- About this task: Word for word, restate the records from their first line through the line with "3006 - Box of", both ends included; omit each picture.

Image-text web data
- - -

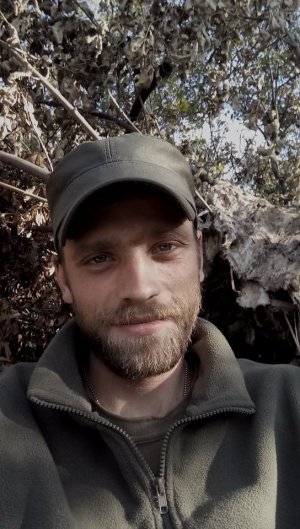 "Герой АТО" в припадке ревности 40 раз изрезал жену, затем вспорол себе брюхо "Герой АТО" в припадке ревности 40 раз изрезал жену, затем вспорол себе брюхо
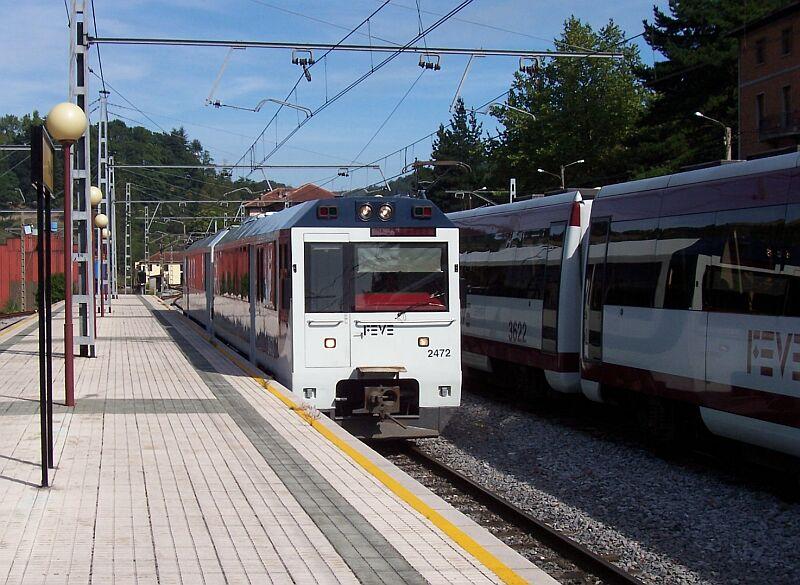 Diesel-Triebzug 2428/2472 fhrt am 27.09.2005 in den Bahnhof Balmaseda ein, hier enden die Elektro-Triebzge, nach Leon, ca. 310 km, fhrt nur ein Zug-Paar am Tag, Gterzge habe ich bis zur Station Los Carabeos, km 173, und zurck keinen gesehen. Fahrzeit 6,5 Stunden bis Leon, Reisegeschwindigkeit gemtliche 50 kmh.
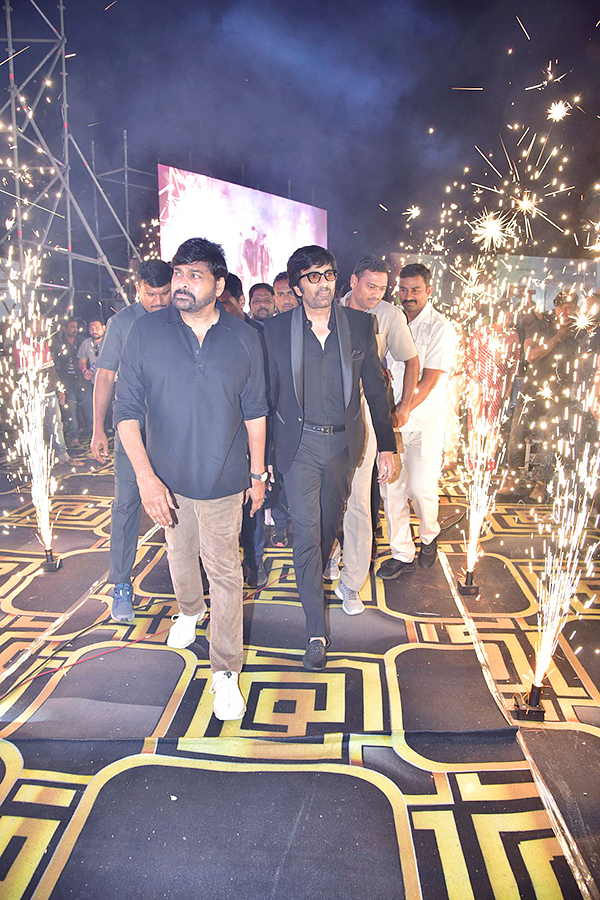 Chiranjeevi Ravi Teja Photos At Waltair Veerayya Pre Release Event - Sakshi24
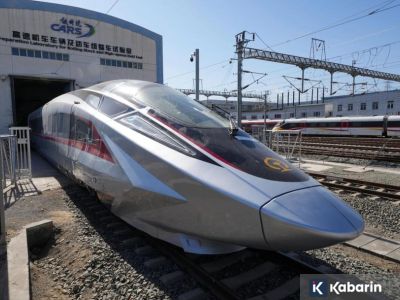 Kereta tercepat di dunia ini melaju hingga 453 km/jam saat uji coba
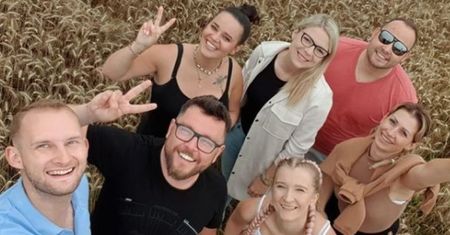 "Ślub od pierwszego wejrzenia". Uczestnicy programu POZUJĄ W ZBOŻU. "Połączył nas eksperyment, a los sprawił, że powstała przyjaźń" (ZDJĘCIA)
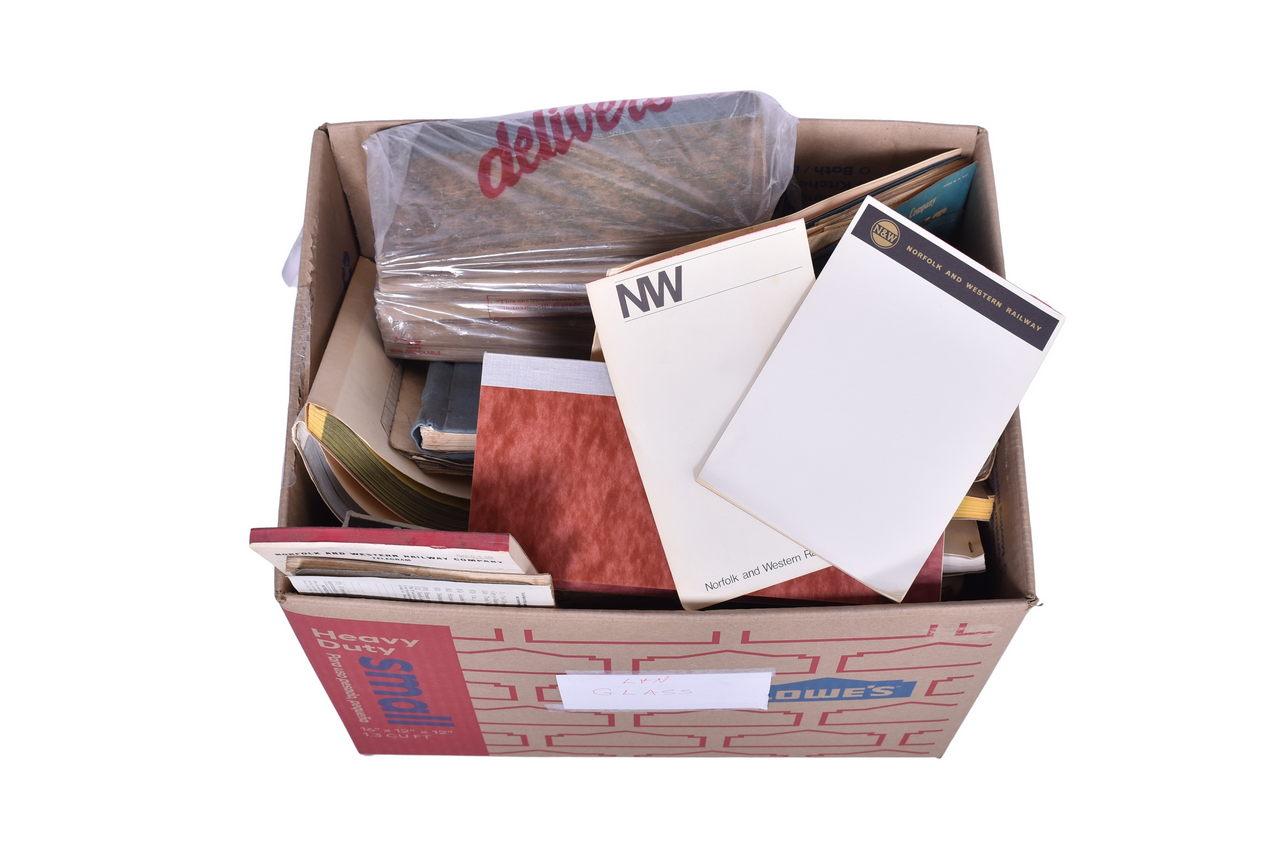 3006 - Box of Norfolk and Western Railway Paper thumbnail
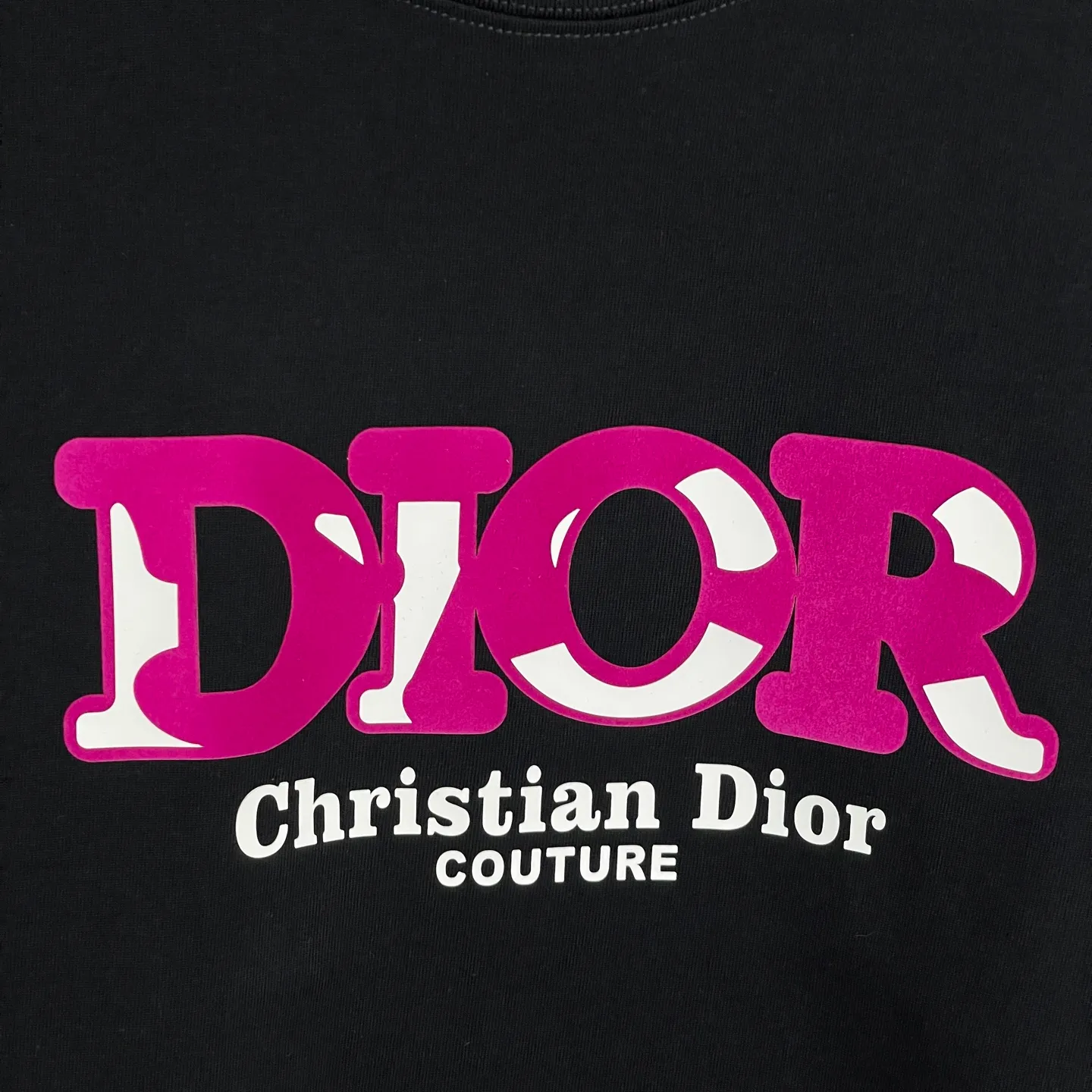 🅿️170 /C16 DIOR 300 high gram weight three-dimensional glue technology Exclusively for the new original men's casual short sleeves High-end customization High version Fashionable and versatile Imported fabrics Super soft and delicate feel Skin-friendly and comfortable to wear High-end boutique High-temperature washing process to ensure no deformation or shrinkage, summer wear, a comfortable and beautiful value! A must-have item for beauty and age reduction! Super fine and smooth surface, uniform, delicate and soft It is comfortable to wear and can easily create a cool summer look. It is easy to handle on the upper body and becomes the focus of the street in minutes. Size: S-XL Color: Black, White, Gray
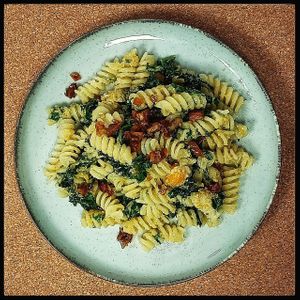 Pasta with kale, pumpkin, blue cashew cheese and  chestnut at La Cosa Vegana in Granada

- - -

- Problem solution:
 "Герой АТО" в припадке ревности 40 раз изрезал жену, затем вспорол себе брюхо "Герой АТО" в припадке ревности 40 раз изрезал жену, затем вспорол себе брюхо
 Diesel-Triebzug 2428/2472 fhrt am 27.09.2005 in den Bahnhof Balmaseda ein, hier enden die Elektro-Triebzge, nach Leon, ca. 310 km, fhrt nur ein Zug-Paar am Tag, Gterzge habe ich bis zur Station Los Carabeos, km 173, und zurck keinen gesehen. Fahrzeit 6,5 Stunden bis Leon, Reisegeschwindigkeit gemtliche 50 kmh.
 Chiranjeevi Ravi Teja Photos At Waltair Veerayya Pre Release Event - Sakshi24
 Kereta tercepat di dunia ini melaju hingga 453 km/jam saat uji coba
 "Ślub od pierwszego wejrzenia". Uczestnicy programu POZUJĄ W ZBOŻU. "Połączył nas eksperyment, a los sprawił, że powstała przyjaźń" (ZDJĘCIA)
 3006 - Box of Norfolk and Western Railway Paper thumbnail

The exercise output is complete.